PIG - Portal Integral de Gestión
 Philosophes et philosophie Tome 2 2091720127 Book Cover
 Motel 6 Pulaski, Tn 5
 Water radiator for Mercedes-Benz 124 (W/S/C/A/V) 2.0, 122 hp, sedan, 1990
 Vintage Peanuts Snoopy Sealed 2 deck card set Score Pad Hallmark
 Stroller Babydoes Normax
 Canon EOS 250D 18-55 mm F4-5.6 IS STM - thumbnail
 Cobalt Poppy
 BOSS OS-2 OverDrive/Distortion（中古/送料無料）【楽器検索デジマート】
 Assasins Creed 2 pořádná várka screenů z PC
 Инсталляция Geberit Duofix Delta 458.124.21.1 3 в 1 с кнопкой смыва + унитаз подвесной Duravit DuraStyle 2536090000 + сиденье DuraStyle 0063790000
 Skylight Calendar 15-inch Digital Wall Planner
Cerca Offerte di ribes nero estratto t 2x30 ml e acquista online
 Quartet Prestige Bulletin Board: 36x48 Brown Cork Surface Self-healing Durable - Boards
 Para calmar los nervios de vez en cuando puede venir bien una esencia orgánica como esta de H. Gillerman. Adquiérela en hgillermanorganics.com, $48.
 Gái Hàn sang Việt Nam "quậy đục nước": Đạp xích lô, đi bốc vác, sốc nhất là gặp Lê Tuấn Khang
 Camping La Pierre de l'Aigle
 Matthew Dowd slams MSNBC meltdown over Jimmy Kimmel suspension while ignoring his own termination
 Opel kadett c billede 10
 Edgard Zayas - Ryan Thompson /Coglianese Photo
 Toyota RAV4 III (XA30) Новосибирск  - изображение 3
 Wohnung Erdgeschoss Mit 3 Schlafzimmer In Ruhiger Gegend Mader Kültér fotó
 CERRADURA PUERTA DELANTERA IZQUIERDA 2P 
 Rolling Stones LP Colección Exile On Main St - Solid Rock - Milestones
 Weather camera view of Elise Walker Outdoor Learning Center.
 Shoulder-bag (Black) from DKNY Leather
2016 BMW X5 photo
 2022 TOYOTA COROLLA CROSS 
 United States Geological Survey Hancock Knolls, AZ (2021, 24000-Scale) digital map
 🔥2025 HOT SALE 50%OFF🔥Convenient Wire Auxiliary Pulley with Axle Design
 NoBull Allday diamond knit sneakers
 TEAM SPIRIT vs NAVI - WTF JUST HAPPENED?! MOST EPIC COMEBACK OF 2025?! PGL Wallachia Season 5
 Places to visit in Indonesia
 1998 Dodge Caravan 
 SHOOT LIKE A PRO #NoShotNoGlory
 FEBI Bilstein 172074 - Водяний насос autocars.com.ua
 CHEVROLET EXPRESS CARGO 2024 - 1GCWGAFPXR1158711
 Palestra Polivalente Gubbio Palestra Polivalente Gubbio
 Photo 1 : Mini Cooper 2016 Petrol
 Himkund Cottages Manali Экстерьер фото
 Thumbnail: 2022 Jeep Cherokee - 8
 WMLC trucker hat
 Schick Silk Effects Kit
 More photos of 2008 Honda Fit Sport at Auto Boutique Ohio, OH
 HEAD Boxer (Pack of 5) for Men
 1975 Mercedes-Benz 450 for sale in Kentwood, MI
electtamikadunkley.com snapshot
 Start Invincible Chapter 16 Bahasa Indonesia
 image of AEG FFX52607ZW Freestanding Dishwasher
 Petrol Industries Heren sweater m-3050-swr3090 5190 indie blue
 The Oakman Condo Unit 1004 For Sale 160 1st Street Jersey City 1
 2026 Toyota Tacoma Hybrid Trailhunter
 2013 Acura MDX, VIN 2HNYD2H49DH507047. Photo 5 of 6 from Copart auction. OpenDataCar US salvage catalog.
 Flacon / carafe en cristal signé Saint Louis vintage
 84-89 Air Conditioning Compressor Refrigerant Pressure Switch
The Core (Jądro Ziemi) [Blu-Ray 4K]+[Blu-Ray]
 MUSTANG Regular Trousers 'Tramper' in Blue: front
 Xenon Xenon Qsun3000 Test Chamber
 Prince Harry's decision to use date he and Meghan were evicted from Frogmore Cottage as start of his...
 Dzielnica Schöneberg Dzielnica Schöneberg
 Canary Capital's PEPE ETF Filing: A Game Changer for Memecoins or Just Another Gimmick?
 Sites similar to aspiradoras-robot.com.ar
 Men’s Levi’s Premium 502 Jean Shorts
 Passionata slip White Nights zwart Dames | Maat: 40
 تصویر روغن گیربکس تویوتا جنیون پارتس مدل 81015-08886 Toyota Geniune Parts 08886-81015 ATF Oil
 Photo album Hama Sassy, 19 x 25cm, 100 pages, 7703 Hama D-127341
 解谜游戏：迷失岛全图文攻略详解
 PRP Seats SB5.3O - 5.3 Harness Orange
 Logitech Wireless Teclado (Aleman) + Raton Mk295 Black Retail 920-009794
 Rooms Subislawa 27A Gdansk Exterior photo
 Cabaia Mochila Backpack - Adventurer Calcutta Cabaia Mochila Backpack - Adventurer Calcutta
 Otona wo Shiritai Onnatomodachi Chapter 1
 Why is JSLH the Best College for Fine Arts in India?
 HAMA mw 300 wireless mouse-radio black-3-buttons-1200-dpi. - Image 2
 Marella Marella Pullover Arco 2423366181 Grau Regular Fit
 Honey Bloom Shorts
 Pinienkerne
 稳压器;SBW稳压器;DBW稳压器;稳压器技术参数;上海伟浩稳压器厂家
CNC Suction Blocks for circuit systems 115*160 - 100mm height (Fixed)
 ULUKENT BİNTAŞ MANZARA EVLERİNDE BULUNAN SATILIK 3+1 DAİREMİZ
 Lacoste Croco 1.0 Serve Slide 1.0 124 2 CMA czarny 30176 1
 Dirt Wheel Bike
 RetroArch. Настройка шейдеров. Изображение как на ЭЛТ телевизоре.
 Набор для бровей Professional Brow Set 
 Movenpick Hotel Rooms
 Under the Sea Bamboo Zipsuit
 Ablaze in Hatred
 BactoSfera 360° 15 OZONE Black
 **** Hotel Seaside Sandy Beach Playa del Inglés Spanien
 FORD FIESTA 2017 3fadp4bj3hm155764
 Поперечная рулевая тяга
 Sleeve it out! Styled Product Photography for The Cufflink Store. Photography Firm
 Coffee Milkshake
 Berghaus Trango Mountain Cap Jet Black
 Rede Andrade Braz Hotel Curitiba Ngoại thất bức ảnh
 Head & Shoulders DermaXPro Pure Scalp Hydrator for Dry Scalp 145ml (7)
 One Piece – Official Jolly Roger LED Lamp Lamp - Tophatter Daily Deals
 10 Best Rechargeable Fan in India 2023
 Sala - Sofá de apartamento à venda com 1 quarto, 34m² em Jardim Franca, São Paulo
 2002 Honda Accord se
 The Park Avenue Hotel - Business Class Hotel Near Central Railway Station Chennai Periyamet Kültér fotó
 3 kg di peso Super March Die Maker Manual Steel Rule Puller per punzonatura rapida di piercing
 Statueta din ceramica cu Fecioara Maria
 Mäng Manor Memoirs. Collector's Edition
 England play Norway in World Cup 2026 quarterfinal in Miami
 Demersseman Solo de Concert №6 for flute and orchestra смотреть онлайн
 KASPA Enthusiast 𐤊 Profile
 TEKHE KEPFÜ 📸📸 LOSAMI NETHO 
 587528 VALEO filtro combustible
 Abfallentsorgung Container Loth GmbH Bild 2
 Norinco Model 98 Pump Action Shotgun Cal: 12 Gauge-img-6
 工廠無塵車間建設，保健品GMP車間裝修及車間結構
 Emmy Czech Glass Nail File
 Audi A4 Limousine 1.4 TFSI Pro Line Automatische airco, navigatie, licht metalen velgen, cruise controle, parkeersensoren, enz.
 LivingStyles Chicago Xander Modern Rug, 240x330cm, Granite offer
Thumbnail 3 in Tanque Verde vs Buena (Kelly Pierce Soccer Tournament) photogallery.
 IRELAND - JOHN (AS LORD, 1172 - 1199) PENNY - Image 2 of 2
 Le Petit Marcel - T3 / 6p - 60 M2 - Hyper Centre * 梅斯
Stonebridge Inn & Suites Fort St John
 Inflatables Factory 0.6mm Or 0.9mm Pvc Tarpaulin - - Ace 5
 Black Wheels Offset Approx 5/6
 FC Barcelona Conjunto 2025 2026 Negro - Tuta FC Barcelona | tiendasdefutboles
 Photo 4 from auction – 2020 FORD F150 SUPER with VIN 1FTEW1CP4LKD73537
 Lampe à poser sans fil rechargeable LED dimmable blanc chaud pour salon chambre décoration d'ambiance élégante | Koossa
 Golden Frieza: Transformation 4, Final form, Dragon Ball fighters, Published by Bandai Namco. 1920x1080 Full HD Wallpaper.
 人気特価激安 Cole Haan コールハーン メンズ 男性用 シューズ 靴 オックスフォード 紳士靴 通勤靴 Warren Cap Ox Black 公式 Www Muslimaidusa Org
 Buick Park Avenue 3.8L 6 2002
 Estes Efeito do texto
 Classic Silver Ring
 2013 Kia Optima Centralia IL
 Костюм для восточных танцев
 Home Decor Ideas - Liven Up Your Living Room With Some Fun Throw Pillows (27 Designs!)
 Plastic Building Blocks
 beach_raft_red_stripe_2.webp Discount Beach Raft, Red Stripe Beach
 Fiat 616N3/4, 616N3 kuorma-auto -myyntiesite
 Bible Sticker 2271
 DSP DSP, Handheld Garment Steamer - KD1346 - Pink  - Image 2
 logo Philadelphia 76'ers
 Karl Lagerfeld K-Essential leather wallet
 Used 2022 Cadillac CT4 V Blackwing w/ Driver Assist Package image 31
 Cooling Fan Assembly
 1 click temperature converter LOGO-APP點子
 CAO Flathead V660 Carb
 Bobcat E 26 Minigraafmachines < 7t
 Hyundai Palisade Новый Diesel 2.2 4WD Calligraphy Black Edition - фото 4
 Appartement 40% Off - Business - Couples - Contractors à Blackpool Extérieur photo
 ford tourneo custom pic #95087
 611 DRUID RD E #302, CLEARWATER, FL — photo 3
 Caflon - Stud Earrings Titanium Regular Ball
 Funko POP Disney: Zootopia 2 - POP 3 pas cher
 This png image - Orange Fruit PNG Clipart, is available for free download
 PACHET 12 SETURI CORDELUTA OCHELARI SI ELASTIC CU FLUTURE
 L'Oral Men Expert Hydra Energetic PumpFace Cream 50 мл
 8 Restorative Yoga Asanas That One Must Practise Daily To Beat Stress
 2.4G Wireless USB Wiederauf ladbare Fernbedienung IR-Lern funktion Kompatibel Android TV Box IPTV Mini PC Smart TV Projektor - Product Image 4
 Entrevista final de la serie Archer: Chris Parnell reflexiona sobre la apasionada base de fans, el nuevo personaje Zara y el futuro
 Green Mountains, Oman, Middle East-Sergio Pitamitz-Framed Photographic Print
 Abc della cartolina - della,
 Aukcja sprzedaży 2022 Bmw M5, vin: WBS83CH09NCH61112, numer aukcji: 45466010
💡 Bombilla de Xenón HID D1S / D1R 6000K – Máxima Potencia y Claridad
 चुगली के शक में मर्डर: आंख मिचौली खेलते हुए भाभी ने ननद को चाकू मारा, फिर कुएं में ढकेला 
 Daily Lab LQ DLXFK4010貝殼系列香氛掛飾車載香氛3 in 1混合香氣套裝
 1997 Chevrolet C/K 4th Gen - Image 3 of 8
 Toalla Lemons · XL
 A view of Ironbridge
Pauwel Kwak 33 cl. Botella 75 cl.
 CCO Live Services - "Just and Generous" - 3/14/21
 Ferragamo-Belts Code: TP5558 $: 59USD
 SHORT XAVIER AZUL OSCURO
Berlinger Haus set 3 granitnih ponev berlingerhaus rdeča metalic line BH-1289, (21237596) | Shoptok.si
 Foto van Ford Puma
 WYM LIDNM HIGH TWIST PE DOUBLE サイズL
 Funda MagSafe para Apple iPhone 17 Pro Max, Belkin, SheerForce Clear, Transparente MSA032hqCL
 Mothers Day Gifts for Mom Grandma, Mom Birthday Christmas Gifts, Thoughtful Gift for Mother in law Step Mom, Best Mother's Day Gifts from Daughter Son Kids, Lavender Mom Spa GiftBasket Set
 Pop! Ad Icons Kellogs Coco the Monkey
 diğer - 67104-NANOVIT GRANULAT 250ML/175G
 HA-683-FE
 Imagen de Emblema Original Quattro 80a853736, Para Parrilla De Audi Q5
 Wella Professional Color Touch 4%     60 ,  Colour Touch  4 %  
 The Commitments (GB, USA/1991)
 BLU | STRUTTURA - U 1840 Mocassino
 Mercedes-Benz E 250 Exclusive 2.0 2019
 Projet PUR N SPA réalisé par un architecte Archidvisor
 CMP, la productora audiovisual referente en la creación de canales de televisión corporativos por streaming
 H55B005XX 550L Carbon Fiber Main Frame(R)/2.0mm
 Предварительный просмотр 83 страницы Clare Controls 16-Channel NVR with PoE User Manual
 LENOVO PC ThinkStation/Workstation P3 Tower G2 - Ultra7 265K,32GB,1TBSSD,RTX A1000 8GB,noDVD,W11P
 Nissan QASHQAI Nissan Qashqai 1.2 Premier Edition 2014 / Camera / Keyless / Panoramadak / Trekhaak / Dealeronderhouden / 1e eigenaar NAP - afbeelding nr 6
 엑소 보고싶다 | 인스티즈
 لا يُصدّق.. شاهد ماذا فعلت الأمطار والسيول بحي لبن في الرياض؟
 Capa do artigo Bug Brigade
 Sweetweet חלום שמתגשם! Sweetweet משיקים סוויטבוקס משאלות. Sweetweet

==================================================

Could you return all lines from the records that include the word "Chapter"?

 Start Invincible Chapter 16 Bahasa Indonesia
 Otona wo Shiritai Onnatomodachi Chapter 1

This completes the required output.